It was our first poetry contest here at the Flapper Press Poetry Café, and we were thrilled with the results. All the submissions touched our poetic hearts, and we thank everyone who participated by sharing their work.


Our panel of judges spent quite some time making their decisions based on each submission's poetic technique, effectiveness, style, creativity, and response to the poetry prompt: If I Could Talk to My Pet.


We are happy to share the work our our winners is in this article. We'll share all the wonderful submissions in another article tomorrow.


 

First Prize: Jennifer Jowett


From Ripley

Listen to the love that was my boy to share, the thwump, thwump echoes of a tail,

our noses pressed together,

a hand upon my ear, a finger across my heart.

Your heart was mine.

Listen to the joy that was my boy to share,

laughter wagging in a tail,

mud-mucked spring puddles,

snow-bound unschool days,

sleeping atop the dunes, a bear and his cub.

Your heart was mine.

Listen to the dream that was my boy to share,

a tale stilled,

a final walk, hear my being, let it fly away.

Your heart was mine.

 

We rescued Ripley at age 7. He had several health conditions, and we didn’t expect him to live beyond a year, but we fell in love with his kind spirit and happy personality. He managed to make it almost to nearly the age of 14 before he passed away a couple of weeks ago. My son was incredibly close to him, and I felt the best way to honor this relationship was in a poem from Ripley to my son.

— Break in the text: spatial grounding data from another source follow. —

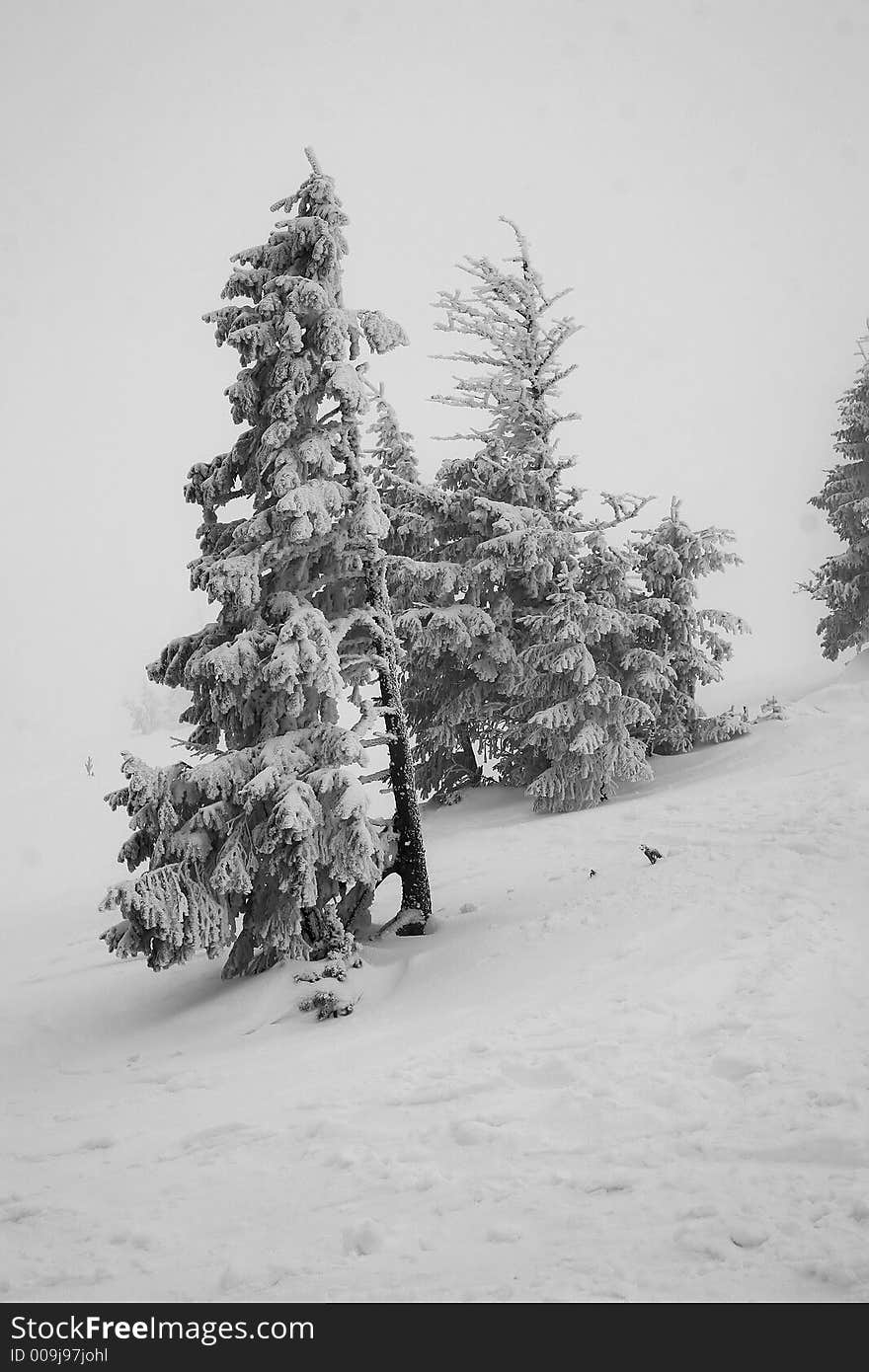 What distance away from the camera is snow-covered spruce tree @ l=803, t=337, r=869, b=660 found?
22812mm

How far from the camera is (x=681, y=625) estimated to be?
19.2 meters

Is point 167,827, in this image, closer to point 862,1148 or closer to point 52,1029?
point 52,1029

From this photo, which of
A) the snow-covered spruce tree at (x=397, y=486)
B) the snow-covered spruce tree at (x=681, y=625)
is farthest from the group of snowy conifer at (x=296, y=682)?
the snow-covered spruce tree at (x=397, y=486)

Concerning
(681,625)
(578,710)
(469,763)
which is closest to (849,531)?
(681,625)

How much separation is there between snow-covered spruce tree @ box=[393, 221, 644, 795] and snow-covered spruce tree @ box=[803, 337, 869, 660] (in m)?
7.88

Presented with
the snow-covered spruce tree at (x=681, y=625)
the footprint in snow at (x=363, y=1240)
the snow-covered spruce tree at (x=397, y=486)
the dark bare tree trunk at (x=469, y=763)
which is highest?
the snow-covered spruce tree at (x=397, y=486)

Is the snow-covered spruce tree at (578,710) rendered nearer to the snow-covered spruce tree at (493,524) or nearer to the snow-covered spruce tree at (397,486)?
the snow-covered spruce tree at (493,524)

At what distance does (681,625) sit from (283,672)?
460 inches

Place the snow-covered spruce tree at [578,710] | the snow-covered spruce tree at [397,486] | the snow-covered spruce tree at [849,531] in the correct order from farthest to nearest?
1. the snow-covered spruce tree at [849,531]
2. the snow-covered spruce tree at [397,486]
3. the snow-covered spruce tree at [578,710]

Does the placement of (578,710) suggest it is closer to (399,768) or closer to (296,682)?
(399,768)

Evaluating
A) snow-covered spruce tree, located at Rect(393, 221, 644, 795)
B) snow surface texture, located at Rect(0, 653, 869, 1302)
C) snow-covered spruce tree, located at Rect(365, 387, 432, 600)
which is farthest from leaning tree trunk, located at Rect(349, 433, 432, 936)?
snow-covered spruce tree, located at Rect(365, 387, 432, 600)

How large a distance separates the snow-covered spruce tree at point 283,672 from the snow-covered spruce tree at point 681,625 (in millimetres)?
8998

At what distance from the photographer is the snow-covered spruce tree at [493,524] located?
60.6 feet

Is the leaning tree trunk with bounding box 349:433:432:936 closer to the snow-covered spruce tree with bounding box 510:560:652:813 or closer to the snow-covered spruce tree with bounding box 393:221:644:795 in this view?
the snow-covered spruce tree with bounding box 510:560:652:813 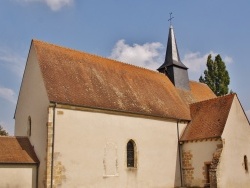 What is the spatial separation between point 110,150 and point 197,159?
6.29 m

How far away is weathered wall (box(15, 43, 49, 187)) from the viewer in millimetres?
15812

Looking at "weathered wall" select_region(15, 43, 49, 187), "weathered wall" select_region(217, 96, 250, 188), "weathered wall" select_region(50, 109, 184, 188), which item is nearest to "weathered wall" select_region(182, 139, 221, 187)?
"weathered wall" select_region(50, 109, 184, 188)

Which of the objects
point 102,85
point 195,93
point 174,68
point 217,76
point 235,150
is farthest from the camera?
point 217,76

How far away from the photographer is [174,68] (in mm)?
26484

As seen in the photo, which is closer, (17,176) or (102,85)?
(17,176)

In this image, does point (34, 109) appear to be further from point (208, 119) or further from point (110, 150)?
point (208, 119)

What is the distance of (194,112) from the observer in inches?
896

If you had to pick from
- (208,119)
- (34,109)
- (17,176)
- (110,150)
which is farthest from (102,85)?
(208,119)

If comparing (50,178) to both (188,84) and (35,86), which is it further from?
(188,84)

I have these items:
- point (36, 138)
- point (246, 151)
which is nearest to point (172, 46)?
point (246, 151)

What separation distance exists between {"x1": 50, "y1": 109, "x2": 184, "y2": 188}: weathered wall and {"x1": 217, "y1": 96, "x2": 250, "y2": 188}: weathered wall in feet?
11.1

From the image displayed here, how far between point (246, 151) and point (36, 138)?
1366 centimetres

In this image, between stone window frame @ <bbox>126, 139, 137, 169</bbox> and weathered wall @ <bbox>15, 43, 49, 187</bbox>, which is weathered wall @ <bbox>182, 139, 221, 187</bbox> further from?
weathered wall @ <bbox>15, 43, 49, 187</bbox>

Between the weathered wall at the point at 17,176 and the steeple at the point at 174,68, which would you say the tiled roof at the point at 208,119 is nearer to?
the steeple at the point at 174,68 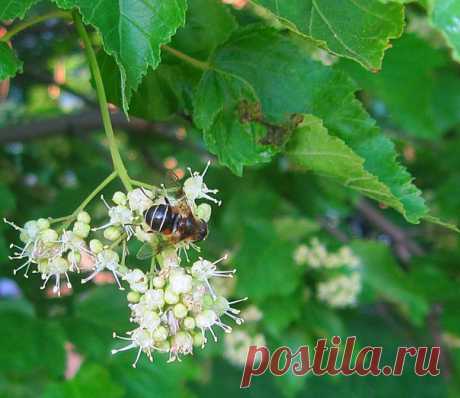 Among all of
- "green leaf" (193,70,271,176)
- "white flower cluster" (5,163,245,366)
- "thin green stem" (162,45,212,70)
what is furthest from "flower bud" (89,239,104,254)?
"thin green stem" (162,45,212,70)

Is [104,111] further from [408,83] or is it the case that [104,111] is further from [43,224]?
[408,83]

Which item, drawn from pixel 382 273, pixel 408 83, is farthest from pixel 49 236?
pixel 382 273

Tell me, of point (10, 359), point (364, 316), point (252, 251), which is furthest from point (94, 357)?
point (364, 316)

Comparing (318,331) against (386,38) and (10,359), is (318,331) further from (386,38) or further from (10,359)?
(386,38)

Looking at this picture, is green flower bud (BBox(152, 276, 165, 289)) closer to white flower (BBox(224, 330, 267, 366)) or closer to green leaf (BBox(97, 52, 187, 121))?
green leaf (BBox(97, 52, 187, 121))

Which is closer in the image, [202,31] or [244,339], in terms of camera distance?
[202,31]

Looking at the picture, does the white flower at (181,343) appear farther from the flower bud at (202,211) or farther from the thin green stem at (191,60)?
the thin green stem at (191,60)

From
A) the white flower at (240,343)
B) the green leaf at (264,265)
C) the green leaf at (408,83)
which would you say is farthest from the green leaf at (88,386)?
the green leaf at (408,83)

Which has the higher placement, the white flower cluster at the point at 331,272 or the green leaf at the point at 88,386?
the green leaf at the point at 88,386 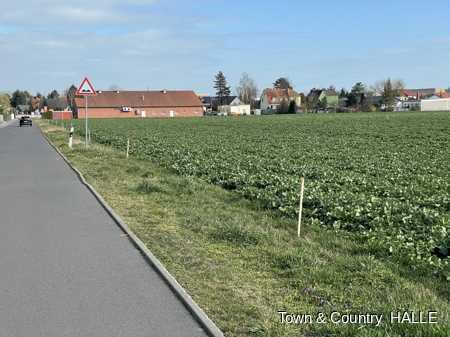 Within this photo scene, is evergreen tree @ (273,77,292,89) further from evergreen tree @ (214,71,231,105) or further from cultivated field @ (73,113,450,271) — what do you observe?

Jennifer Guyor Jowett has taught English and Literature for thirty years to 7th- and 8th-grade students in the mitten state. She is a frequent Ethical ELA 5-Day Open writing participant and host, a contributor to the BlinkYA blog, and a member of #booksojourn.



 

Second prize: Loren Polans


For My Good Boy Comet

Comet

You were wandering the streets downtown I was in my new home, childless, Neither of us knew we were lost. A local saint of orphaned animals introduced us;

I walked you, bought you an ice cream I took you home. Neither of us knew for sure what would happen,

The difference it would make, To fill up a space in each other’s hearts

I wish I knew then that I was your last chance,

That you were adopted and returned twice; I would have shown more patience When you kept soiling the bedroom carpet,

When you kept chewing up my shoes.


You're my child now, We'll care for each other forever; I'll always melt when you tilt your head side to side, when you carry a ball in your mouth and look up at me, waiting;

I'll always scratch behind your ears, rub your belly; I'm your Daddy now, through the joy and grief to come,

Forever.

 

My dog, Comet, was a foundling, running around the streets of downtown Tucson. My friend Lizzie who saved him researched his background with the local animal shelter. (Lizzie has placed countless dogs and cats with new homes). She discovered he was previously adopted and returned, then adopted by someone else. He escaped the second adopter by pushing furniture together and using them to climb over the backyard wall. That person didn’t want him back. Comet was a very difficult dog in the beginning of our adoption. He created much household destruction and had frequent diarrhea indoors (due to a then-undiagnosed parasite). We hung in there with him, and over time, he became a lovable goofball who stole our hearts.

Loren Polans

Loren Polans (nickname Darklyng) is a native New Yorker transplanted to Tucson and a survivor of the 9/11 attacks on the World Trade Center. He enjoys sculpting, constructing costumes, science fiction, and making his wife laugh.




 

Third Prize: Helen Hokanson


The Lingering

Jake

When he stopped eating,

I knew it wouldn’t be long.

But he lingered.

For two days, I coaxed him with boiled chicken. When he stopped, I knew it wouldn’t be long.

But he lingered.

More than a week since he’d eaten,

and I knew it wouldn’t be long.

Scrambled eggs did the trick. He immediately threw up, and I knew it wouldn’t be long.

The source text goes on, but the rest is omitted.